Nell Gwynn by Jessica Swale
(image taken from Google)
Why I Decided To Read It: I believe I first heard about this play sometime on the Shakespeare’s Globe social media. I thought it sounded interesting, but didn’t really think about it again until it came up on my Amazon suggestions. As I am always down for a comedy, history, or a play written by a woman (or a combination thereof), I decided to go for it.
Summary: When bold and flirtatious orange-seller Nell Gwynn steps in to help a struggling actor from being heckled, she never expects to be offered the chance of a lifetime. Thanks to the newly crowned King Charles II, women are being allowed to perform for the first time on English stages. Nell is a dynamite actress. With her wit, beauty, and natural charisma, the audiences fall in love with her, including Charles II. Given the opportunity to become a royal mistress, Nell must struggle between two very different worlds: the bawdy, whirlwind theatre community and the proper, political court. Can she juggle her two loves or will it all blow up around her?
Thoughts and Analysis: It’s fascinating to go into the world of Restoration theatre, which I feel tends to get skipped a bit in the greater theatrical narrative, except the French Restoration. It’s probably because the English Restoration for the most part isn’t that great. It’s covered in this play that the plays of this era were often adaptations of Shakespeare’s plays (like King Lear with a happy ending) or fairly voyeuristic with the addition of actresses. The roles women were given weren’t great. They were often there just to be pretty and add sex appeal. And, you know, the practice of men paying to watch actresses change happened. Yikes.
But in this play, Nell Gwynn fights for her voice to her heard. She wants interesting, funny roles. She also just wants respect, which makes this play such an interesting mirror to entertainment and media today. At one point, Nell criticizes her company’s playwright for writing a woman who accepts a sub-par marriage proposal. She tells him women are people too and feel as much as men and have their own desires and needs beyond being married. After calling Juliet “a noodle”, she suggests Shakespeare’s wife should have a go at writing a play. This is made all the more powerful knowing a woman wrote this only a few years ago. It’s less of a “Hahaha, can you believe people during this time believed so little of women?” and more of a “You go girl!…Oh shit, we haven’t really changed much, have we?”. The plain fact of the matter is that women are still fighting for their voices to be heard in the entertainment industry- not just things like abuses we’ve suffered but also just letting our stories be told. While more and more women are becoming writers and directors (and sound designers and lighting designers and scenic designers and actors and etc.) it’s still nowhere near equal to men.

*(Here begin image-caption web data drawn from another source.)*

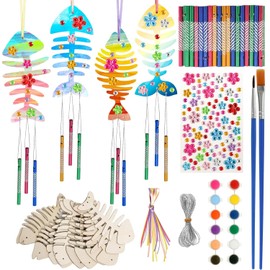 RONIAVL 12pcs Ocean Wind Chime Crafts Kits for Kids DIY Wood Summer Wind Chime Make Your Own Fish Bone Wind Chime DIY Coloring Wooden Arts and Crafts Summer Activities for Kids 9-12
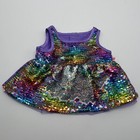 Build A Bear Dress Rainbow Silver Flip Sequin Purple Satin Teddy Clothes Outfit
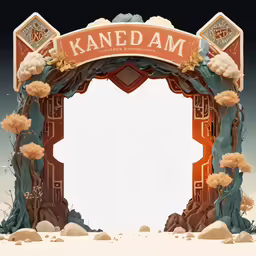 an image of a picture with a name and an arch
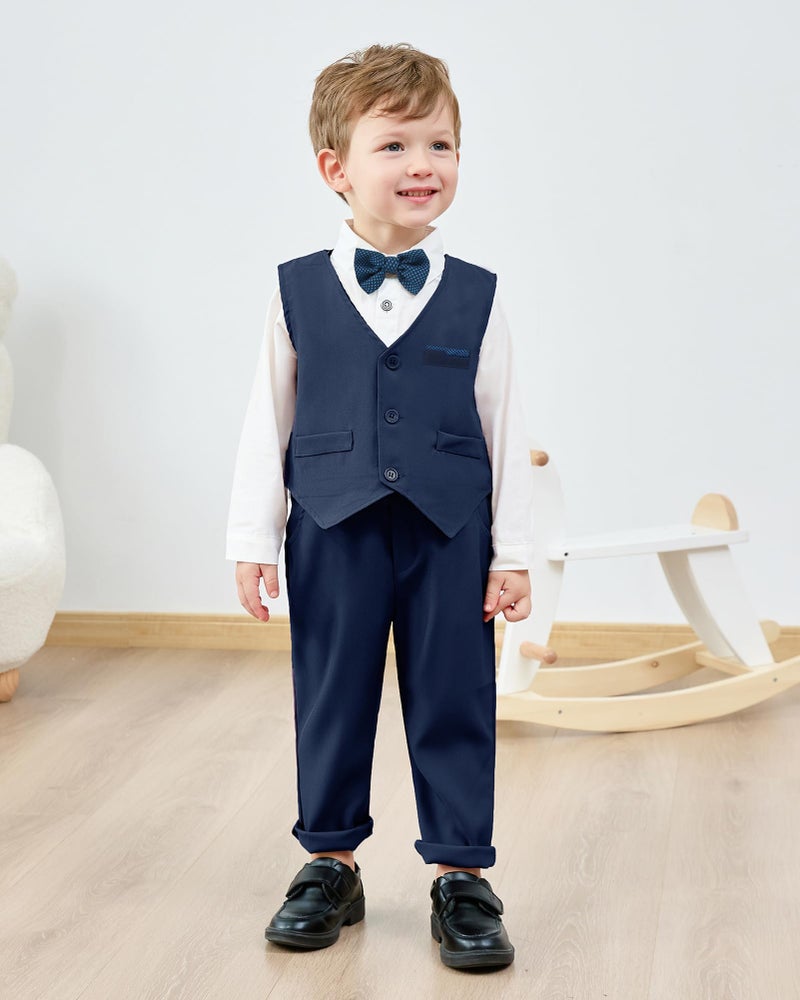 nilikastta Navy Blue Toddler Wedding Guest Outfit Boy Ring Bearer Outfits for Boys Dress Shirt/Bowtie/Vest/Suspender Pants for Religious Service 3-4t - Image 2
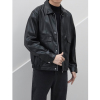 里奈男装pu皮夹克男士，韩版短款宽松皮衣，翻领飞行员机车外套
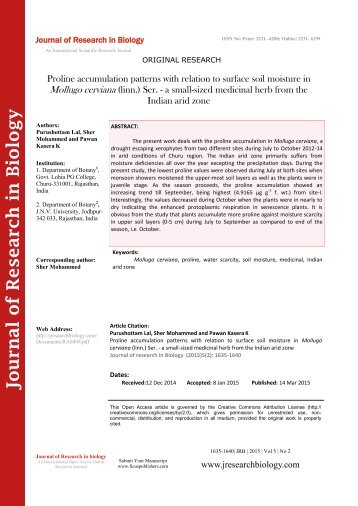 Proline accumulation patterns with relation to surface soil moisture in Mollugo cerviana (L.)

I know I’m probably making this play sound much more serious than it actually is. It’s pretty funny. There’s quite a bit of dramatic irony in jokes that are about how modern ideas will never work, but it’s not overdone. The actor who plays the lead women characters before Nell is a special favorite of mine because he’s so actor-y. All of the characters in the acting troupe are pretty fun overall and if you work in theatre you know all of their types. There’s also quite a bit of sexual innuendo and just full on sexual humor, but no actual nudity; Restoration theatre wasn’t considered high art at the time and Nell Gwynn grew up in a brothel, so it is understandable. I’m not offended by it, but if you’re looking to do this for community theatre in a conservative area, probably proceed with caution. It’s a pretty fair PG-13.
Because it is during Charles II’s reign, some Americans might have some issues understanding the political happenings during this play. It’s not heavily political and it does give some exposition, but some of the jokes might land a little better with some knowledge of the time period.
Favorite Character: Most of the characters in this play are fascinating and funny, especially the ones in the theatre. But props have to go to Nell herself. She is the clear star of the show and a talented, funny actress would have to play her.
Should You Read This?: If you’re interested in theatre history, history in general, or like a fun comedy from a POV you don’t normally get, go for it!